When Wu-Tang Clan penned the lyrics “cash rules everything around me” in the '90s, it’s fair to believe the prescient rap crew was predicting the totality of American politics in the next century — especially after the Citizens United ruling flooded elections with more corporate cash.
“It’s to a point where effectively we have deregulated money in politics,” says David Schultz, a Hamline University political science professor who may or may not be a Wu-Tang fan. “We are just about at the point to where we were back before Watergate, where it’s wide open.”
But we don’t have to be stuck in a Wild West of campaign finance, Schultz says. He recently wrote an essay for Talking Points Memo, offering a four-point plan for corralling — or at least exposing — campaign finance gangsters. It won’t completely stop mega companies from flexing their election muscle. However, Schultz’s reforms could undo damage from Citizens United.
The fundamental problem is that political clout is bought and sold like free market sailboats, Schultz says. That’s right, sailboats.
“If I’ve got a sailboat and I want to sell it, if I say ‘Sailboat for sale, highest bidder’ – God bless America, that’s a great way to sell sailboats,” Schultz waxes. “Political representation, political influence shouldn’t be allocated on the market mechanism and that’s really where we are at this point.”
Better yet, the president and the agencies he puppeteers can take these steps now without the approval of Congress.
First and foremost, Schultz wants an executive order requiring that federal contractors disclose all political donations. Should the palm greasers spend over a certain amount on an election or congressman, they would be prevented from bidding on government contracts for two years.
Second, he wants publicly traded companies to come clean about all their political spending and give shareholders the chance to sign off on it — moves within the Securities and Exchange Commission’s power.
“Right now corporations have more freedom to be able to spend money for political purposes than labor unions,” Schultz says. “At this point individual members of labor unions can opt out and say, ‘I don’t want my money spent for political purposes,’ and I think shareholders should have the same right.”
Lastly, the Federal Communications Commission could force broadcasters to provide “reasonable free air time” to candidates, while the Internal Revenue Service could make political advocacy nonprofits register with the FCC and disclose their donors and expenditures.

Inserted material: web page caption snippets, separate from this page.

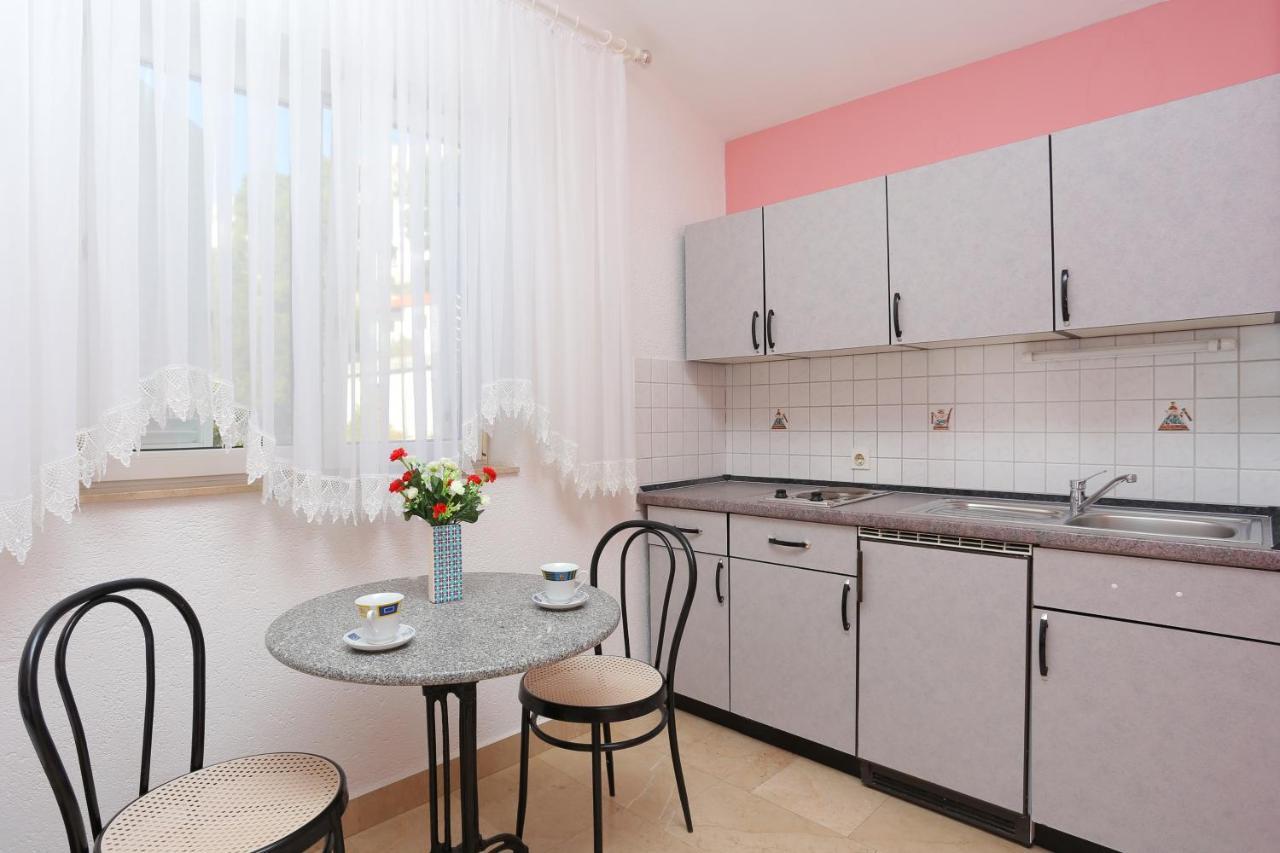 מימיצה Apartments With A Parking Space Marusici, Omis - 18497 מראה חיצוני תמונה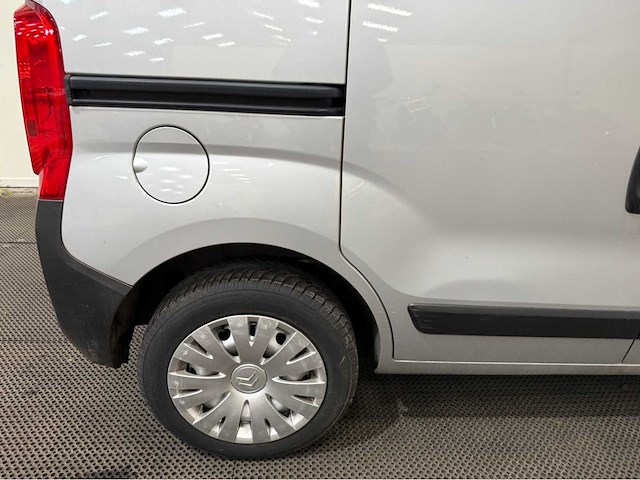 Peugeot - bipper - bedrijfswagen - 2013 - afbeelding 13 van  24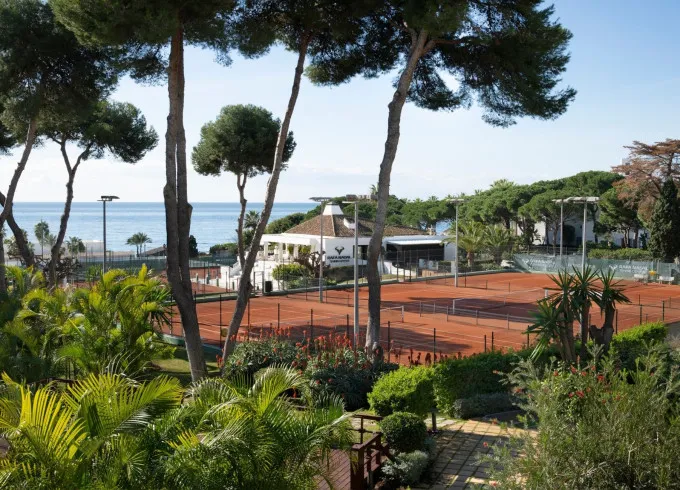 don carlos padel and tennis courts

So would President Obama and his agency heads actually pull the trigger on these? Despite rumors that the first reform on his list could come, Schultz isn’t holding his breath.
A few years ago, a previous version of Schultz’s plan supposedly trickled up to POTUS’ ears. Sen. Al Franken’s legal counsel was hunting for ways to combat the Citizens United ruling and Schultz gave him his pitch. Schultz was told Franken mentioned them to Obama, but they were greeted with a presidential “meh.”
“I was thrilled to death of course that Senator Franken actually did go talk to the president of the United States about this, but I wasn’t completely surprised about Obama,” Schultz says. “I never heard him when he was running for office talking” seriously about campaign finance reform.